Data shown:
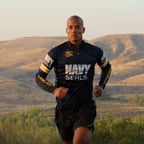 David Goggins latino
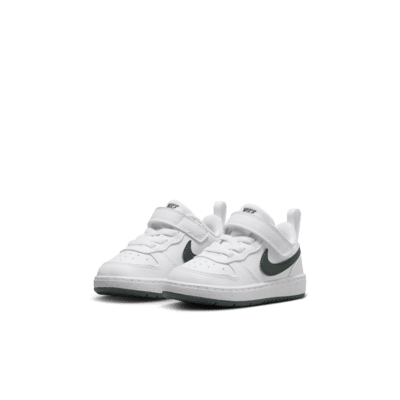 Nike Court Borough Low Recraft Baby/Toddler Shoes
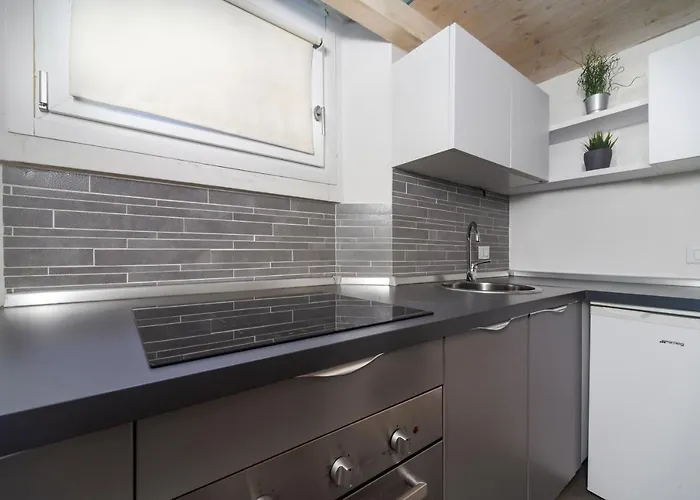 Casa Da Appartamento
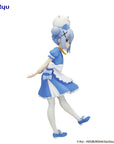 Is the Order a Rabbit? Bloom Trio-Try-iT PVC Statue Chino 18 cm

Work to be completed: Lines from the one that contains "Casa Da Appartamento" through the last line of the data above are to be extracted exactly, with no pictures and no other lines.

Response to the exercise:
 Casa Da Appartamento
 Is the Order a Rabbit? Bloom Trio-Try-iT PVC Statue Chino 18 cm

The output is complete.